Infine, da uno scambio di vedute con Gianluca Cappucci, docente di Lettere della scuola Secondaria, scaturisce qualcosa di più di una mera ipotesi sulla istituzione di uno o addirittura più “ospedali” a Tursi, in epoca medievale, sempre legati alla Maddalena nella chiesa della Rabatana (ma poi forse anche nella chiesa, in seguito cattedrale, dell’Annunciazione?). Dai documenti trovati dallo studioso tursitano, si desume come tale culto fosse favorito tra gli altri dal devotissimo re Carlo II D’Angiò (1254 – Napoli 1309), ma pure dal figlio Re Roberto D’Angiò (Torre di Sant’Erasmo, 1277 – Napoli, 1343) con la moglie Sancha d’Aragona (sposata in seconde nozze, nel 1304). Ai primi decenni del XIV secolo risale il famoso Trittico della Scuola (Napoletana) di Giotto, per alcuni del Maestro di Offida (vissuto, probabilmente, anche nella seconda metà di tale secolo), collocato nella chiesa della Rabatana. L’opera d’arte intitolata “Madonna/Vergine col Bambino”, nelle due pale laterali ricorda S. Giovanni Battista e la Maddalena, perciò ritengo non casuale l’esistenza, nella cripta della chiesa, un altare, la stessa cappella dedicata alla Maddalena e l’ospedale con il suo nome. Che ci sia un collegamento con la struttura di accoglienza, conforto e cura di epoca successiva è tutto da dimostrare, ma sicuramente indica un percorso antecedente che va molto approfondito, come Cappucci farà nel suo libro, in fase di ultimazione.
Salvatore Verde ©
NOTE
[1] Antonio NIGRO, Memoria Topografica Istorica Sulla Città di Tursi E Sull’Antica Pandosia Di Eraclea Oggi Anglona, Napoli, Tipografia di Raffaele Miranda in Largo delle Vigne, 60, 1851 (II Edizione a cura di Battista D’Alessandro, ArchiviA, Rotondella, MT, 2009).

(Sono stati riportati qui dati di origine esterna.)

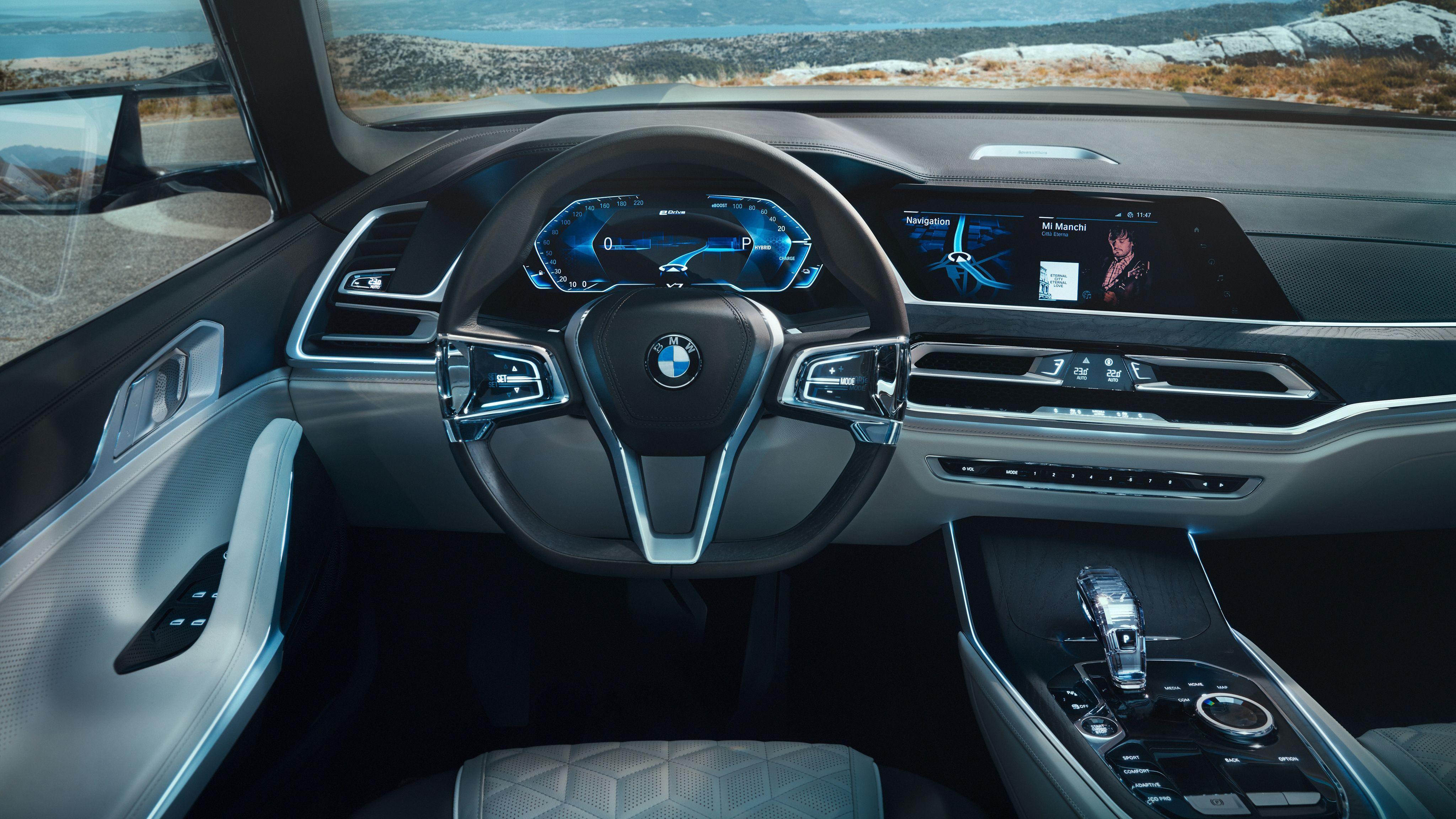 4096x2304 BMW X7 Wallpaper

[2] Testo inedito: Fedel memoria degli Uomini Illustri, Parenti, Stabili, Urbani e Rurali, Jus, Doti, Ragioni, Servitù, Prelazioni, Cappellanie, Benefici e sue Rendite, Notizie antiche appartenenti alla gentilizia famiglia BRANCALASSO, che ora si rappresenta dalli fratelli, Dottor Don Tommaso, Dottori Canonici della Cattedrale: Don Filippo, Abate Don Carlo e Don Nicolò Brancalasso, registrata nel 1744, trascrizione notevole del manoscritto a cura di Ambra PICCIRILLO, erede con il coniuge Ciriaco SCIARRILLO BRANCALASSI della grande famiglia Brancalasso, la quale annovera altri discendenti a Tursi. <<Il Signor Giuseppe Brancalasso, padre del Padre Ambrogio Brancalasso Priore della Certosa della Padula, e cugino del Don Camillo, vivendo questo separatamente nel Palazzo, ove abita la famiglia rappresentante, e vedendosi privo di prole, solamente, come si è detto, li era restato nel chiostro unico figlio, dandosi tutto allo spirito per la rarità dei suoi costumi e per l’ottimi sentimenti di buona vita, e dottrina alli 25 di maggio dell’anno 1652, coll’assemblea di più sacerdoti, ed amici spirituali, dentro una Cappella sotto il titolo di Santa Maria Maddalena, quivi radunato fè un’ampia donazione per mano del Notaio Vallicente, di molti beni stabbili, e mobili per fondazione di una Congregazione erigenda, ed applicarsi tutti detti stabili per l’erezione della medesima; com’ in effetto nel detto anno il Don Signor Giuseppe fè partire un dei sacerdoti amici per le vicinanze di questa provincia per vedersi informato, ed indagare la più perfetta Congregazione, e giunto in Armento, ove trovò più sacerdoti, che stavano applicati ad erigere la Congregazione di San Filippo Neri ed avuti con detti discorsi, si dissero, con queste parole: “bisogna apporgiarci ad un albero forte” qual era S. Filippo Neri.>>
[3] Michele STRAZZA, La peste del 1656 in Basilicata, Regione Basilicata Notizie, Consiglio Regionale della Basilicata, pp. 124-127
[4] Rocco BRUNO, Storia di Tursi, Lino-Tipo Policarpo, Ginosa, TA, 1977; Romeo Porfidio Editore, Moliterno, PZ, 1989; edizione aggiornata a cura del figlio Gaetano BRUNO, con Gianluca CAPPUCCI, Waltergrafkart, Moliterno, 2016.